→ Try it
Transcribe the whole listing below without changing a word, but leave out every image.

→ Data extract
----------------

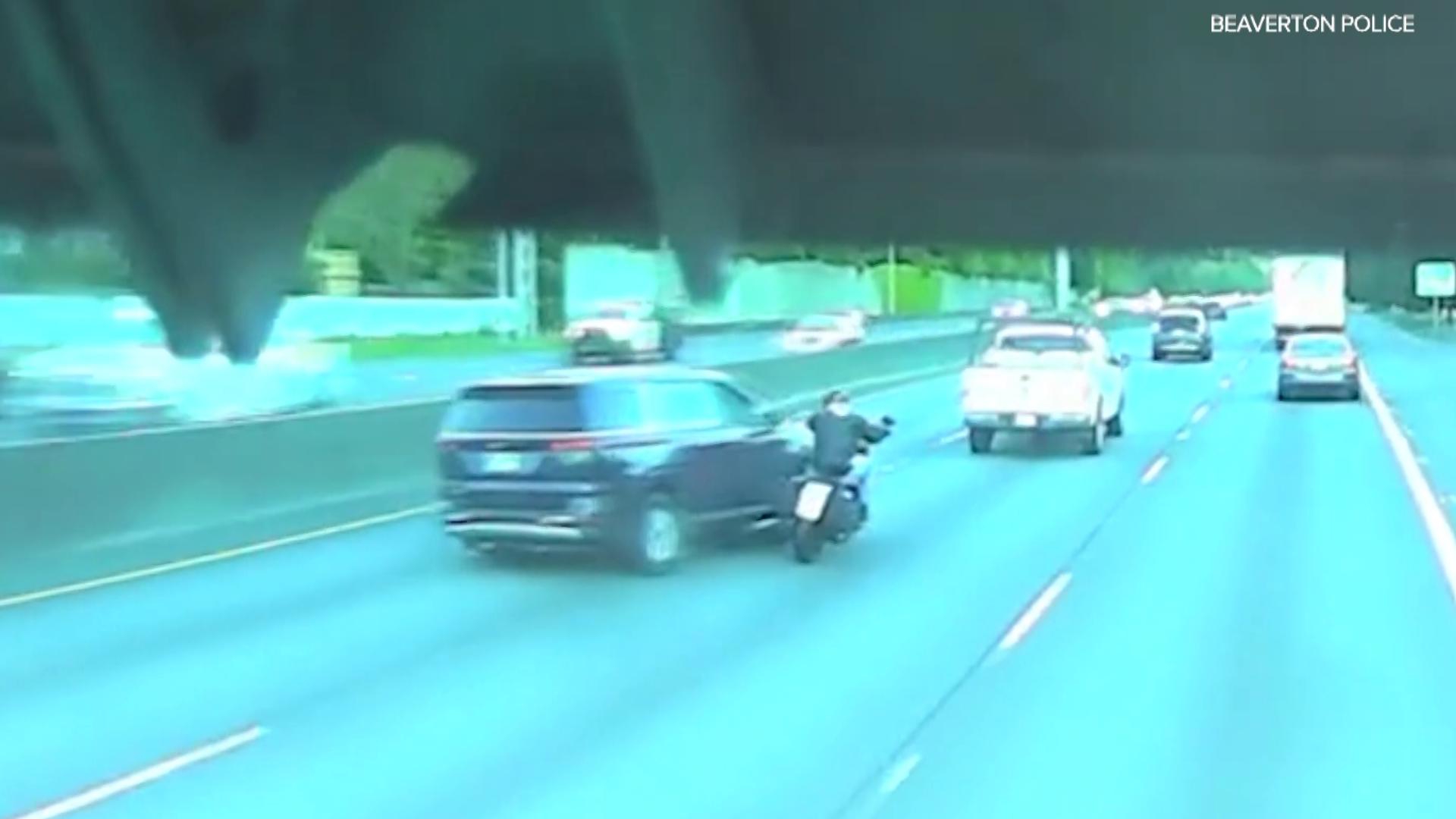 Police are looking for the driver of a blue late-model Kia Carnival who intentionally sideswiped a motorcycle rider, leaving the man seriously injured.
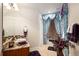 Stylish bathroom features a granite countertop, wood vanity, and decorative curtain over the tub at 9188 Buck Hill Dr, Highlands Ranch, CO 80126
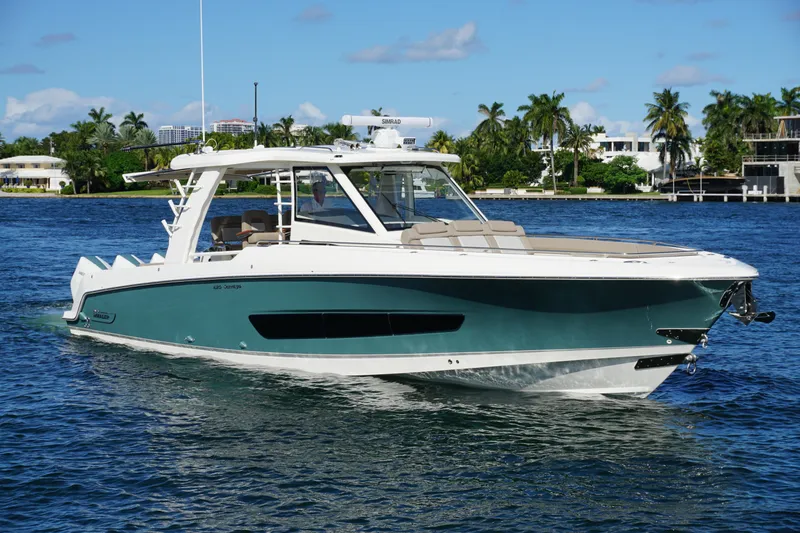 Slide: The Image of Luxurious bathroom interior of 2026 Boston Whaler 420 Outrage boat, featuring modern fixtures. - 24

----------------

→ Solution
 Police are looking for the driver of a blue late-model Kia Carnival who intentionally sideswiped a motorcycle rider, leaving the man seriously injured.
 Stylish bathroom features a granite countertop, wood vanity, and decorative curtain over the tub at 9188 Buck Hill Dr, Highlands Ranch, CO 80126
 Slide: The Image of Luxurious bathroom interior of 2026 Boston Whaler 420 Outrage boat, featuring modern fixtures. - 24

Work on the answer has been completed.